[Image-text web data]

* * * *

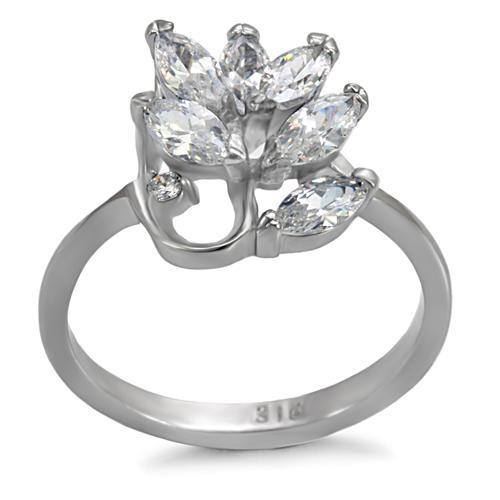 High polished (no plating) Stainless Steel Ring with AAA Grade CZ in Clear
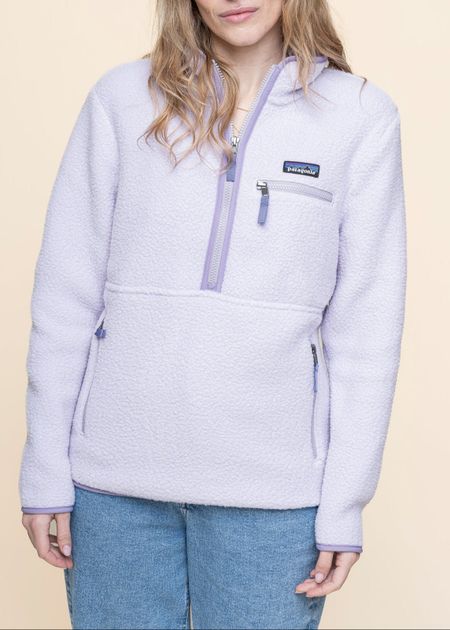 Polaire en matières recyclées | violet "retro pile marsupial - foxglove purple"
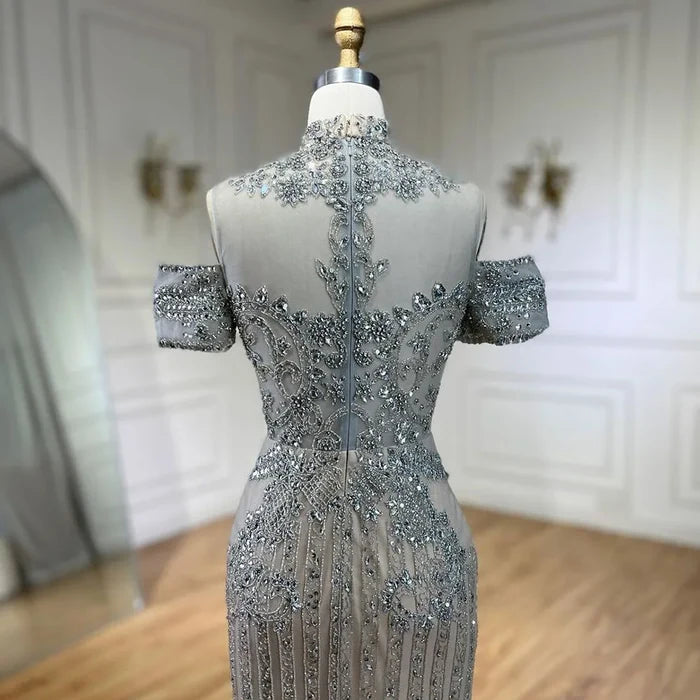 Serene Hill 2025 Arabic Silver Nude Mermaid Beaded Crystal Luxury Dubai Evening Dresses Gowns for Women Wedding Party LA72411 - SERENE HILL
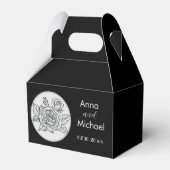 Schwarz-Weiß-Rose-Hochzeit Geschenkschachtel (Vorderseite)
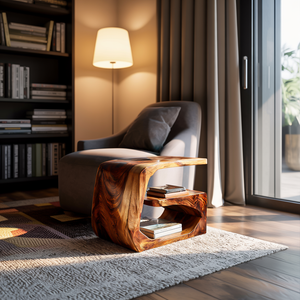 Handcrafted Wood Side Table For Home Accent Furniture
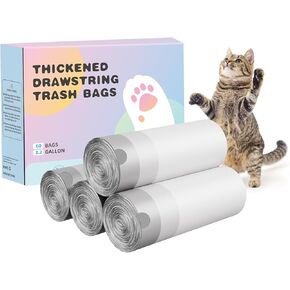 Self Cleaning Cat Litter Box, Drawstring Cat Litter Box Liners, Pet Waste Bags-4 Rolls, 20"x 18", 60 Counts for Automatic Litter Box - Pink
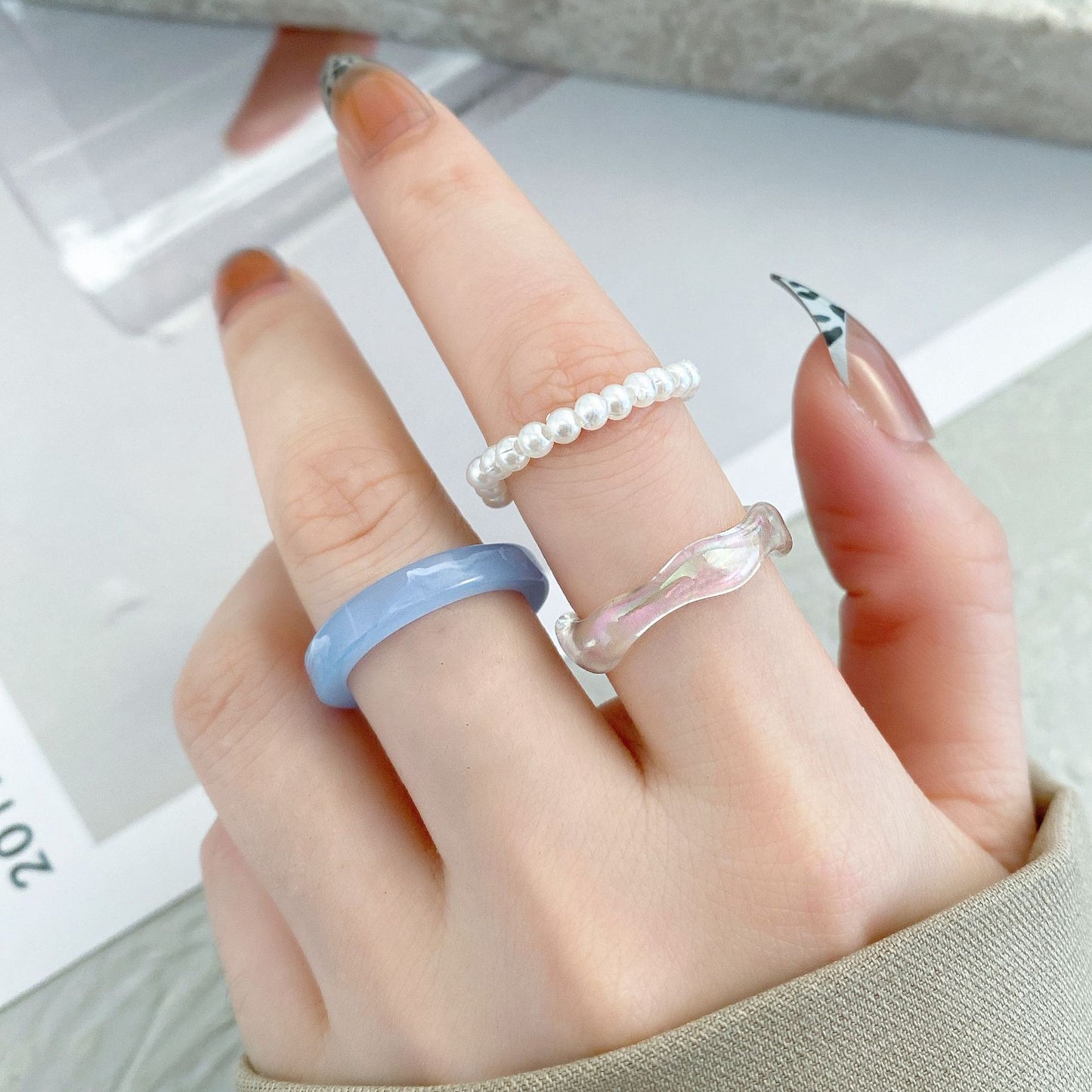 Resin Pearl Ring Set (3-Piece)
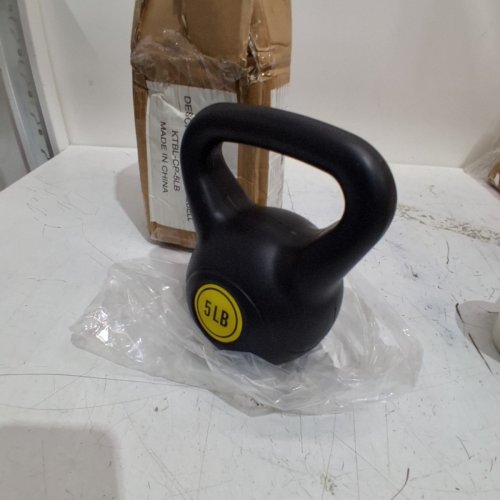 HAJEX COATED CAST IRON KETTLEBELL WEIGHT - 5 LBS - YELLOW / BLACK image 2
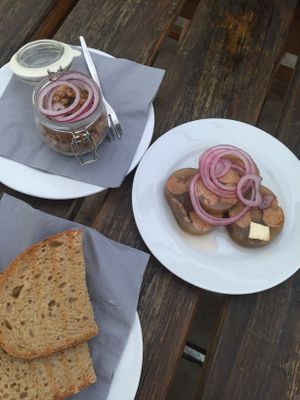 Tlacenka a skvarky! Great beer snacks for summer evening on the garden  at Střecha in Prague
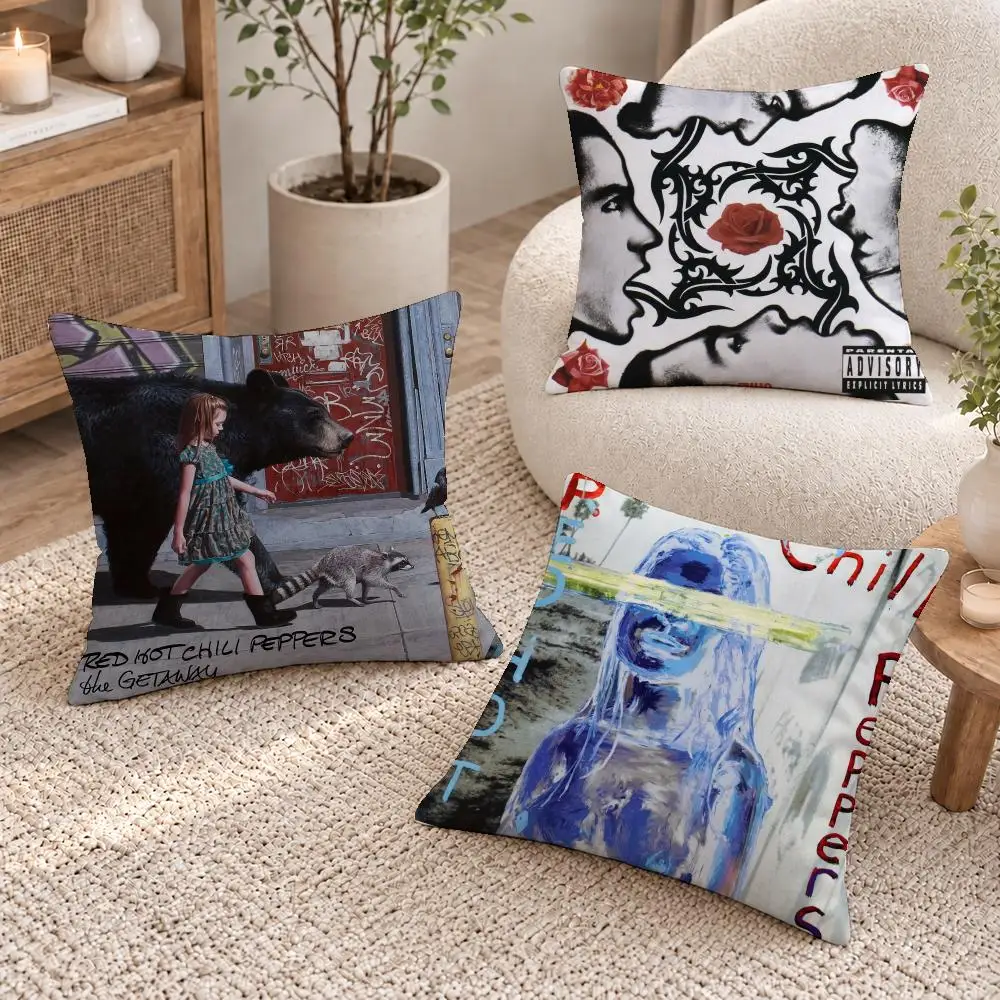 Band Red Hot Chili Peppers Cushion Cover Short Plush Pillow Cover, Washable Wrinkle-Resistant for Sofa Bedroom Decor Gift
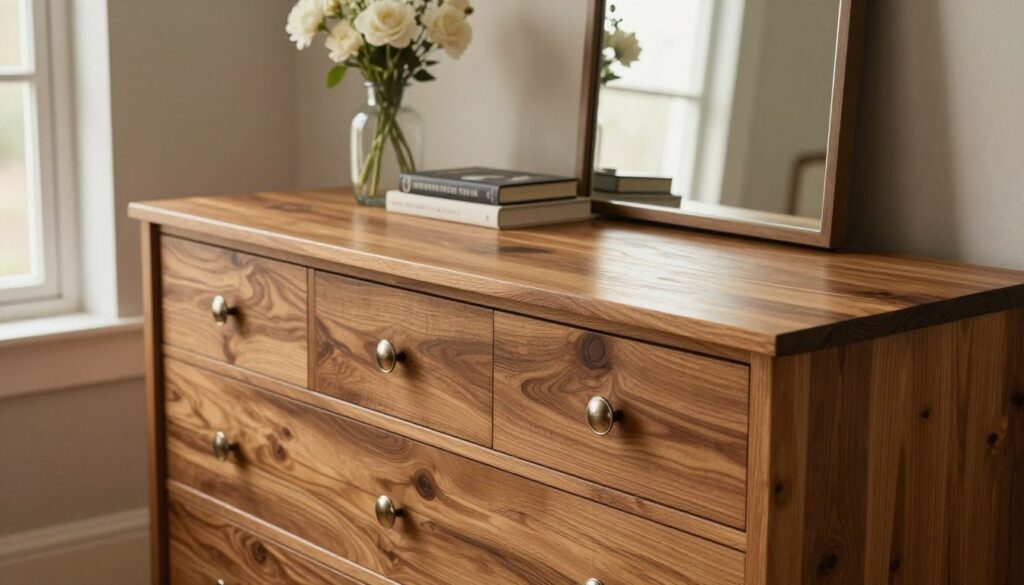 A sophisticated wooden dresser crafted from reclaimed wood, showcasing its natural grain and rich texture. The dresser is positioned elegantly in a stylish living room, surrounded by a warm, ambient light filtering through a nearby window. In the foreground, the dresser features shiny metallic knobs and reflective surfaces that subtly catch the light. The middle ground features soft, tasteful decor, such as a glass vase with delicate flowers and decorative books. In the background, sleek mirrors amplify the light and provide a sense of openness. The overall mood is tranquil yet refined, emphasizing the beauty of sustainable materials. The scene is captured from a slightly elevated angle, highlighting the dresser's craftsmanship and the harmonious interior design.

* * * *

PROBLEM STATEMENT
Set down the records above exactly as written, beginning with the first line and ending with the line that contains "Band Red Hot", and do not include pictures.

RESPONSE BELOW
 High polished (no plating) Stainless Steel Ring with AAA Grade CZ in Clear
 Polaire en matières recyclées | violet "retro pile marsupial - foxglove purple"
 Serene Hill 2025 Arabic Silver Nude Mermaid Beaded Crystal Luxury Dubai Evening Dresses Gowns for Women Wedding Party LA72411 - SERENE HILL
 Schwarz-Weiß-Rose-Hochzeit Geschenkschachtel (Vorderseite)
 Handcrafted Wood Side Table For Home Accent Furniture
 Self Cleaning Cat Litter Box, Drawstring Cat Litter Box Liners, Pet Waste Bags-4 Rolls, 20"x 18", 60 Counts for Automatic Litter Box - Pink
 Resin Pearl Ring Set (3-Piece)
 HAJEX COATED CAST IRON KETTLEBELL WEIGHT - 5 LBS - YELLOW / BLACK image 2
 Tlacenka a skvarky! Great beer snacks for summer evening on the garden  at Střecha in Prague
 Band Red Hot Chili Peppers Cushion Cover Short Plush Pillow Cover, Washable Wrinkle-Resistant for Sofa Bedroom Decor Gift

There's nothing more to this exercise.